Juro que vi como subtítulo do filme “A História de Claudinho com Buchecha” e não “A história de Claudinho e Buchecha”. Talvez por ter sido a impressão que ficou em mim após a exibição do filme de Eduardo Albergaria. A partir do ponto de vista de Buchecha (Juan Paiva), “Nosso Sonho” explora a relação da dupla de funk melody tendo como ponto central a conexão entre eles e o fim trágico da parceria como uma espécie de fantasma.

Fico assim sem você

Seguindo a estrutura convencional de uma cinebiografia nacional, o roteiro se preocupa em colocar a figura de Claudinho (Lucas Penteado) como um “ser mágico”, constantemente disposto a salvar a vida do amigo, seja literal como na infância, seja metaforicamente, quando o incentiva a desabrochar seu talento para as composições. Este encantamento presente no personagem e na forma como Buchecha o enxerga oferece a trama – embora batida – um forte tom emotivo, carregado de ternura e delicadeza, sendo uma homenagem singela ao artista que nos deixou em 2002. 

A cena inicial já denota os caminhos escolhidos pela equipe liderada por Albergaria: “O que vou fazer sem você, Claudinho?” A partir deste questionamento, “Nosso Sonho” não apenas desenha o funcionamento da amizade dos dois que a produção quer vender – o encantamento -, mas também pontua bem a personalidade dos artistas. Enquanto Claudinho tem uma personalidade solar, vendo sempre o lado positivo das situações e motivando o amigo; Buchecha parece ser mais reservado, racional. Parte disso se deve ao seu relacionamento com o pai Claudino (Nando Cunha) – algo também explorado pela narrativa – que o trata de forma passivo-agressivo como se nutrisse uma raiva acoplada a inveja pelas decisões do filho. 

Pai vs Filho – as camadas

Na verdade, o sentimento que melhor descreve o personagem de Cunha é a frustração. A relação deste com o filho é a caracterização com mais camadas e complexidade que “Nosso Sonho” exibe, uma vez que, por meio dela, é possível compreender o cenário socioeconômico de onde se originou a dupla, além de levantar outras questões intrínsecas ao ambiente berço do funk nacional como violência doméstica, alcoolismo e o despertar/sufocamento de um talento. É uma pena que todos esses pontos são apenas pincelados sem ter nenhum aprofundamento, colocando os conflitos familiares em segundo plano. 

Curiosamente, o roteiro sempre traz o assunto à tona, como se o mesmo permeasse toda a trajetória da dupla, também.
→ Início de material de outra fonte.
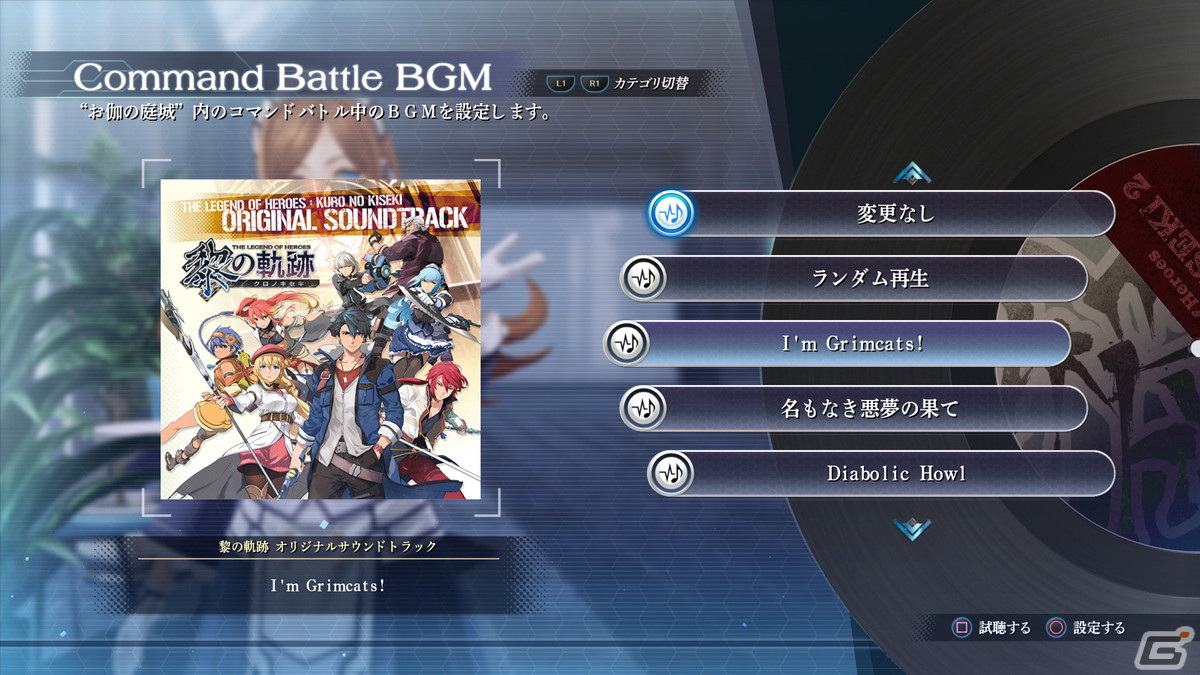 「英雄伝説 黎の軌跡II -CRIMSON SiN-」ではレンが参戦キャラに！新要素満載の《メルヒェンガルテン》も紹介の画像28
A escolha mostra ser um ponto negativo da produção, uma vez que se apegam tanto a essas conexões, colocando seus altos e baixos como plots e barrigas da vida de Buchecha, que esquecem as personagens femininas que também orbitam a trajetória dos protagonistas. Todas são relegadas a suas funcionalidades – mãe, tia, esposa – sendo ignoradas em seu processo. Um exemplo disso é a mãe do personagem de Paiva, o pivô da partida do filho para o morro do Salgueiro, mas em nenhum momento se apresenta ou se discute como esta se sente em relação a Claudino.

Produto de seu tempo

Apesar de não aprofundar a questão social, “Nosso Sonho” traz em seu plot central algo importante a ser visto no Brasil contemporâneo: o relacionamento entre dois homens negros. Masculinidade, negritude, vida na favela e ascensão são algumas discussões que atravessam a trajetória de quase oito anos de carreira de Claudinho e Buchecha, as quais também tangem a jornada de várias crianças periféricas. Enquanto ouvimos os hits do duo funkeiro, mergulhamos em uma análise empírica desse modo de vida, ainda que algumas letras não tenham envelhecido como vinho, vale ressaltar o quanto dizem sobre o período em que foram escritas. 

Junto a tudo isso, a dupla Juan Paiva e Lucas Penteado brilha. Penteado começa o filme um tanto infantilizado, mas conforme a história avança, percebe-se que tal característica faz parte da personalidade de seu personagem. Ele passa um carisma e vibração que são fundamentais para motivar Buchecha, já que cabe a Paiva ser um pouco mais introspectivo. Seus momentos dramáticos são mais intensos e o ator consegue transpassar bem essas caracterizações, denotando o quanto ele é um dos melhores de sua geração. 

“Nosso sonho” tem seus pontos altos e baixos, porém é um filme com muita alma e que demonstra o quanto nada apaga o que brilha na memória, neste caso entregando o segredo do sucesso da dupla carioca: o quão singela era a relação de irmandade entre Claudinho e Buchecha.